橋の裏面と橋脚の点検作業中に体調不良となり、宙づりになった要救助者を橋の上に救出する想定。担架の使用が必須となる。要救助者は意識があるが、技術的な協力はできない。担架が橋の上の地面に着いた瞬間にタイムストップとなるF1(finish1)。想定時間は60分で、要救助者に接触するまでに20分を超えるとタイム点が0点となる。

事前に設定してあるロープはアクセスにも救出にも使用できない。一方で事前設定のキャンバスは動くロープ以外には使用できる。

橋の上の活動区画は橋の両側(東側と西側)にあり、それぞれ幅が2mと50cmに定められている。人と資機材はいずれかのスペースにすべて収めなければならず、両スペース外での活動は禁じられており移動のみが可能である。救出経路は自由だが、活動スペースが2mの東側に救出しなければならない。

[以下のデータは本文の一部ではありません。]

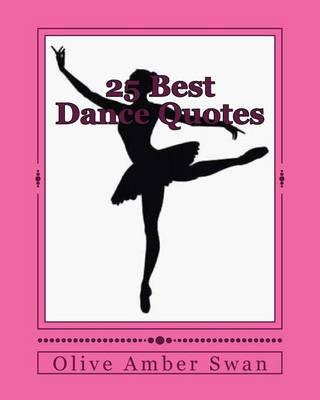25 Best Dance Quotes: For the Dance & the Dancer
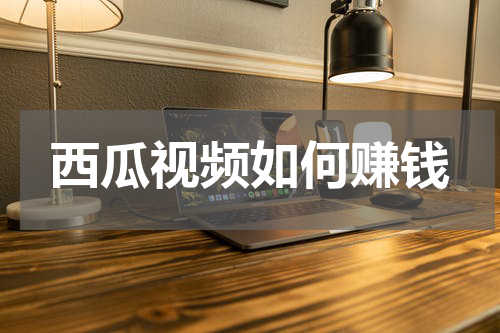 西瓜视频如何赚钱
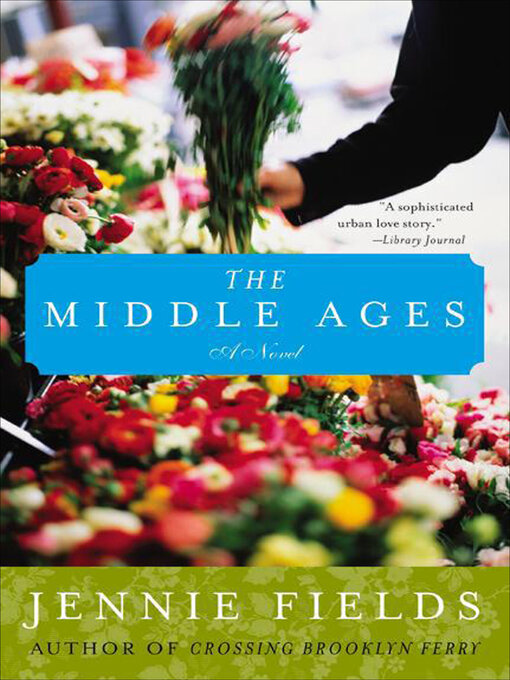 Title details for The Middle Ages by Jennie Fields - Wait list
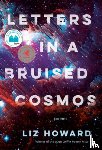 Howard, Liz - Letters in a Bruised Cosmos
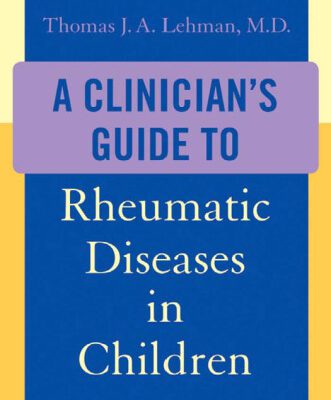 خرید و دانلود نسخه کامل کتاب A Clinician’s Guide to Rheumatic Diseases in Children
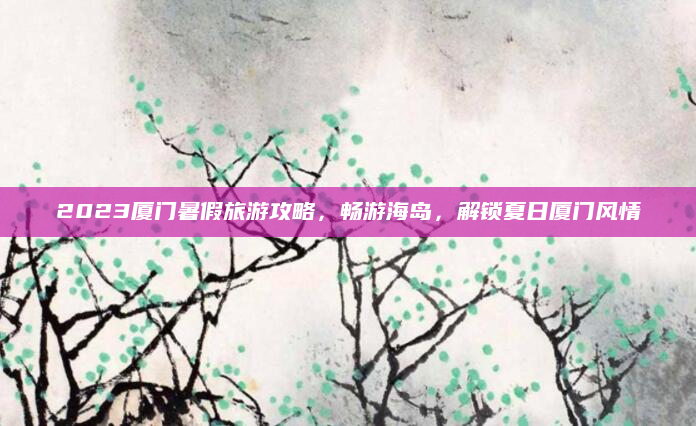 2023厦门暑假旅游攻略，畅游海岛，解锁夏日厦门风情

GRIMP JAPAN 2023 day3 M-2想定内容
Day3「M-2 裏・青雲橋」の想定内容の図。

想定のポイント

橋の裏側という、アクセスが非常に難しい場所にいる要救助者への接触および救出方法の選定がポイントになる。また、橋の上部にいる隊員は要救助者および進入隊員を見ることができないため、コミュニケーションが重要になる。加えて、支点となる場所や作業場所が限られている中での救助活動となる。

大会後の主催者コメント
「救助活動を実施した経験がなければ、要救助者への到達も救助も非常に困難な想定であったと思うが、多くのチームは難なく救出していたように思います。構造物の裏側に行く技術は非常に重要であると感じました。純粋に地上高50mの高さで資機材の落下がなく、高さへの恐怖に怯えることなく活動を実施する姿に日本のロープレスキューの発展を感じました」

GRIMP JAPAN 2023 day3 M-2
「M-2 裏・青雲橋」の想定の全体写真。橋の上部の道路部分と下部のプレストレストコンクリート吊り床板の間に要救助者が宙づりになった想定。(写真/伊藤久巳)
GRIMP JAPAN 2023 day3 M-2
担架とともに要救助者の元へ向かう「RITTO」のメンバー。(写真/伊藤久巳)
GRIMP JAPAN 2023 day3 M-2
橋の上のメンバーに指示を出す「NRT」(写真左)と「INFINITY」(写真右)のメンバー。(写真/伊藤久巳)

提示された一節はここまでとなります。